Well I would say they are different, but perhaps not so different as with other composers. This is an extract from a writing about the life of Brahms, if it is true his work was likened to Beethoven.
As his reputation grew, though, Brahms felt new pressures. In the 1860s, he had made his home Vienna, the musical capital of Europe, where he lived in the shadows of other great Viennese composers, namely Mozart, Schubert, and Beethoven. The urge to compose a symphony grew stronger, but Beethoven had proven himself the master of the genre 50 years earlier.
Brahms knew he would be compared to Beethoven, and he respected and feared his idol enough to avoid seriously entertaining the idea of writing a symphony for years. “You don’t know,” Brahms observed, “what it means to the likes of us when we hear [Beethoven’s] footsteps behind us.”

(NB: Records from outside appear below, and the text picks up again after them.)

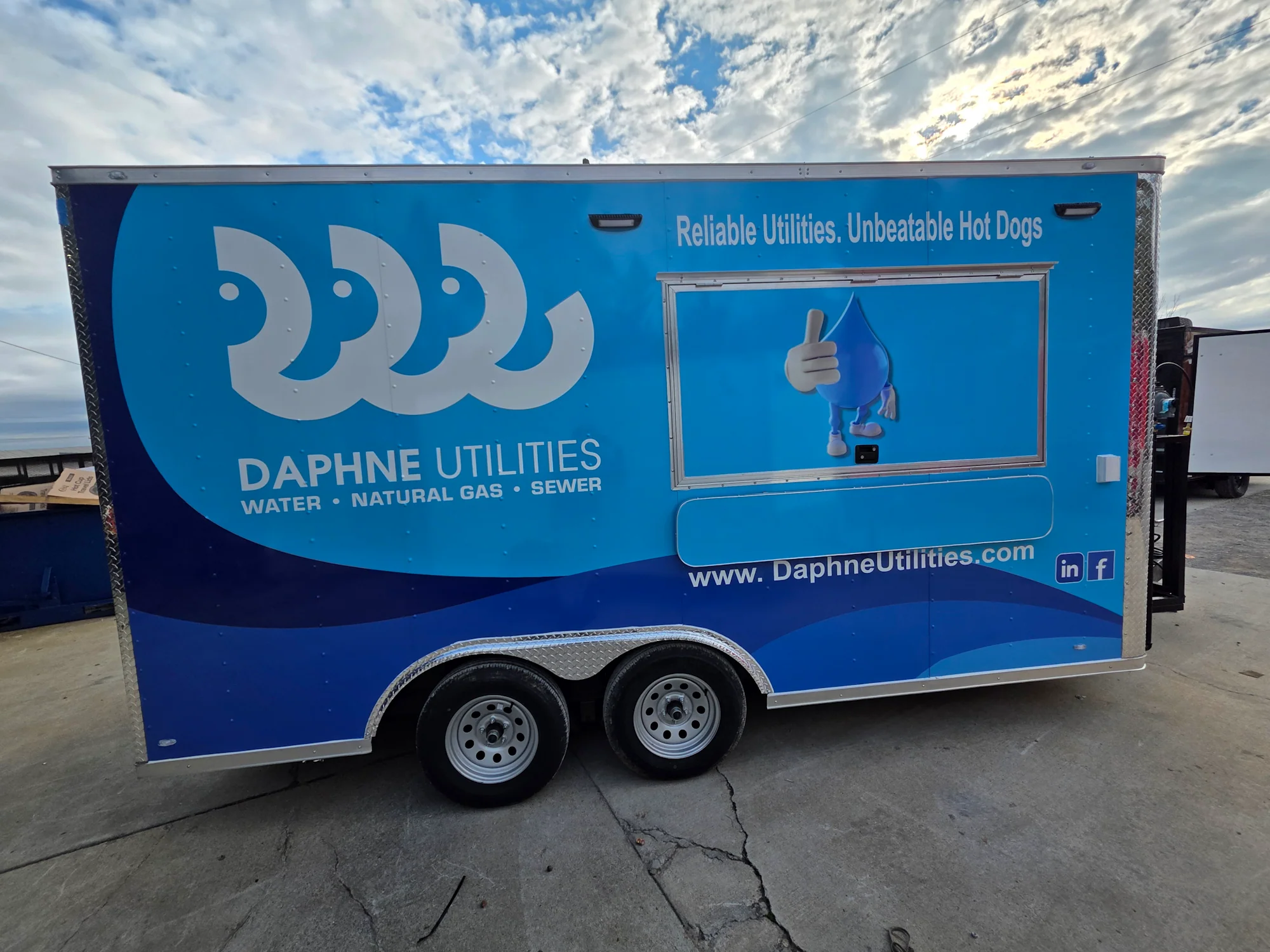 8.5' X 16' Custom Concession Trailer White Food Event Catering with appliances - Image 9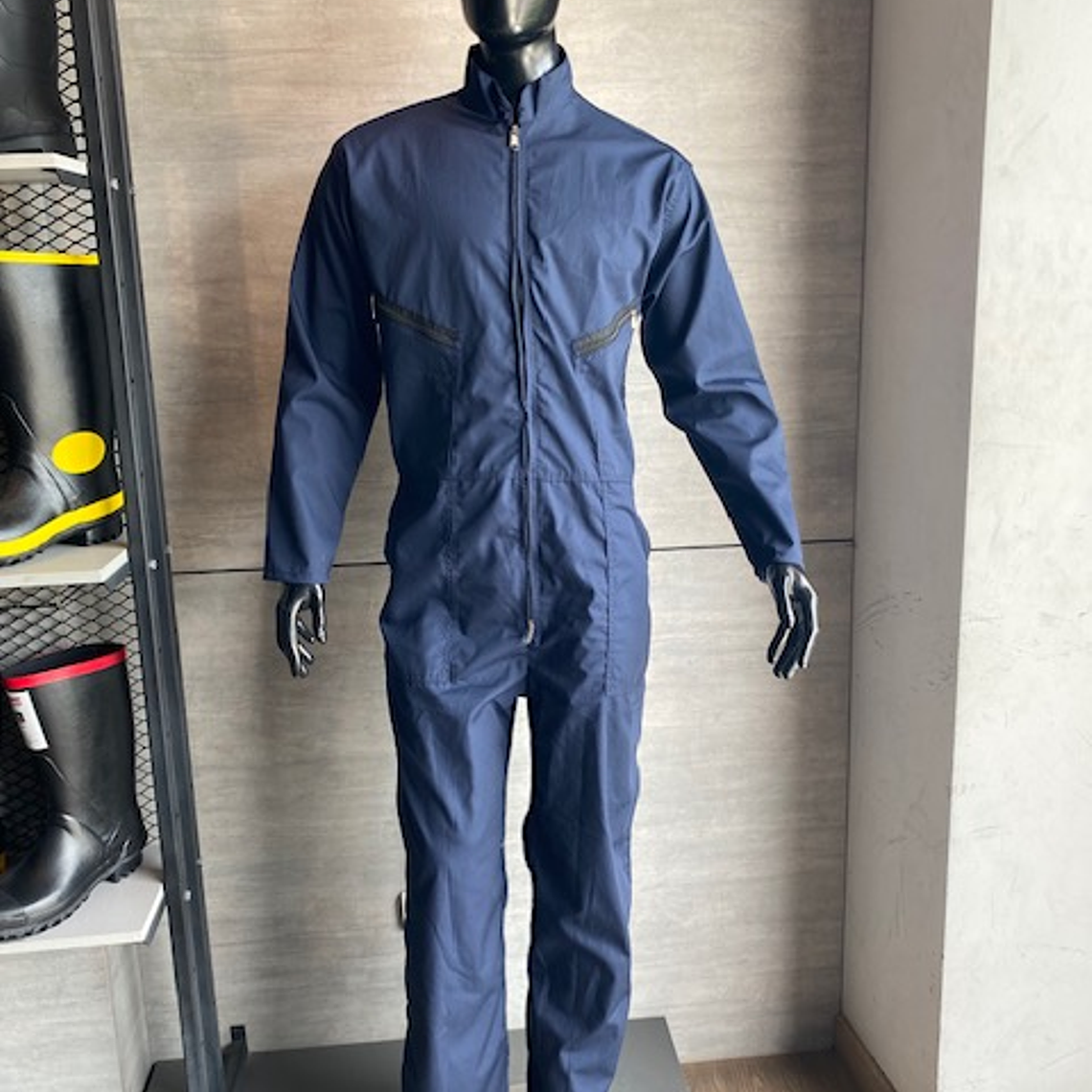 Overol Enterizo Dril Color: Azul Oscuro *Material: Ripstop* Ref. 110110 1
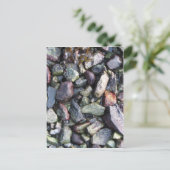 ロック無地の ポストカード (スタンド正面)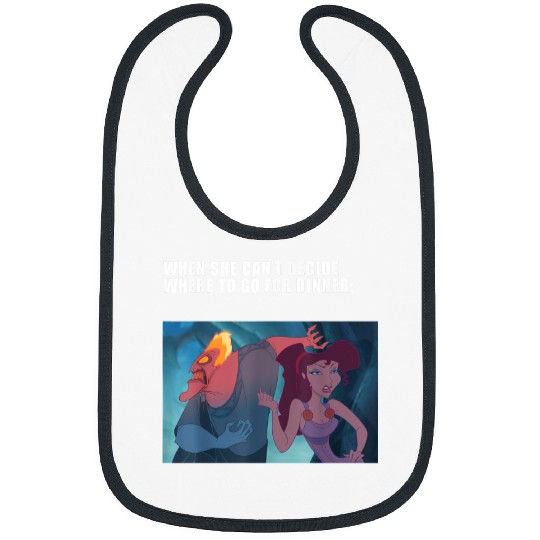 Disney Villains Valentines Day Hades Megara Dinn Bibs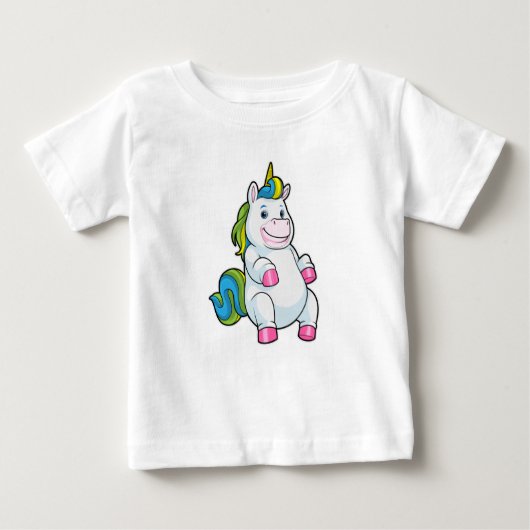 ビッグ・ベリーのユニコーン ベビーTシャツ (正面)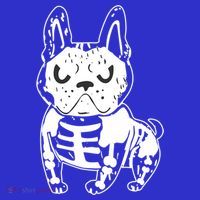 French Bulldog Skeleton Ghost Halloween Costume Gift Women's T-Shirt thumb 6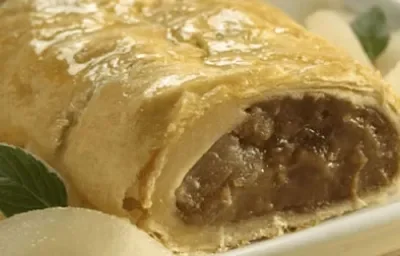 Strudel de pera y manzana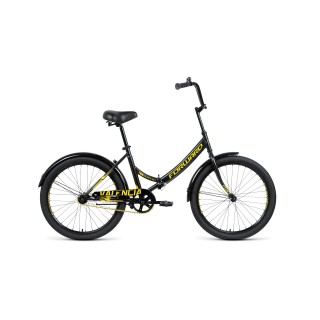 Велосипед FORWARD VALENCIA 24 X черный / золотой 16" 2021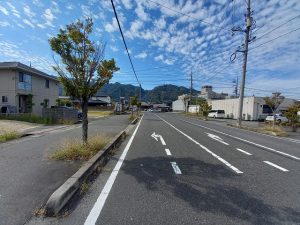 前面道路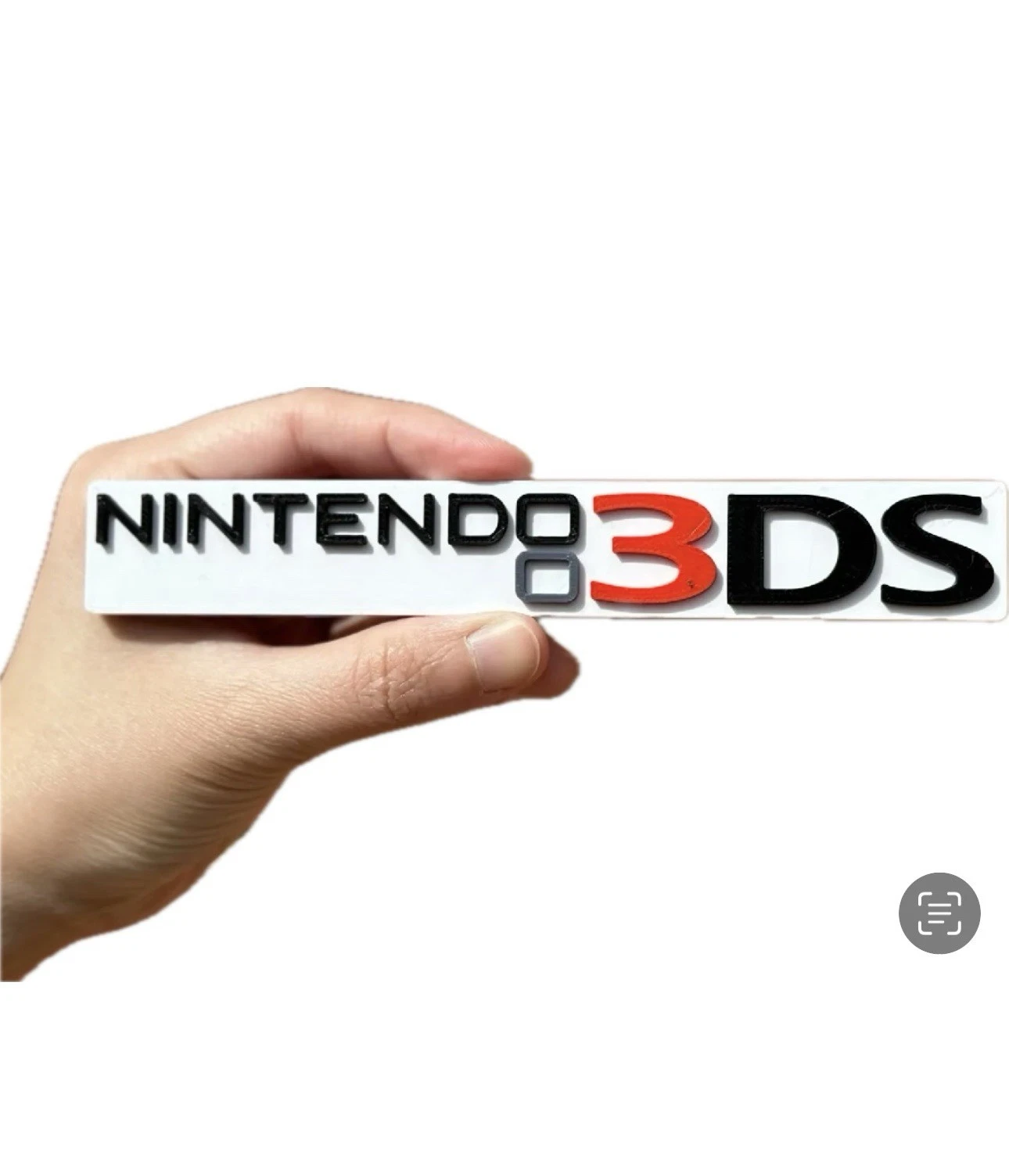 Decorative Nintendo 3DS 3 DS console logo Sign Display small 16cm Large 25cm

His immeasurable fastidiousness and humility, and a fear of being compared to Beethoven, staved off the release of his first symphony for 14 years, but in 1876 he
completed his Symphony in C minor. Immediately, his nightmares came true. The critic Eduard Hanslick wasted no time comparing Brahms to Beethoven, saying that Brahms had relied heavily on Beethoven’s serious side, he lacked “heart-warming sunshine,” and that the string melody in the fourth movement was reminiscent of Beethoven’s “Ode to Joy.”
The influential conductor Hans von Bulow nicknamed the symphony “Beethoven’s Tenth,” which also significantly irked Brahms. The criticism was not all bad, though. Hanslick ultimately called the piece “an inexhaustible fountain of sincere pleasure and fruitful study,” and it was an immediate hit with audiences. Today Brahms’ Symphony No. 1 stands as a monumentally important work on its own merit.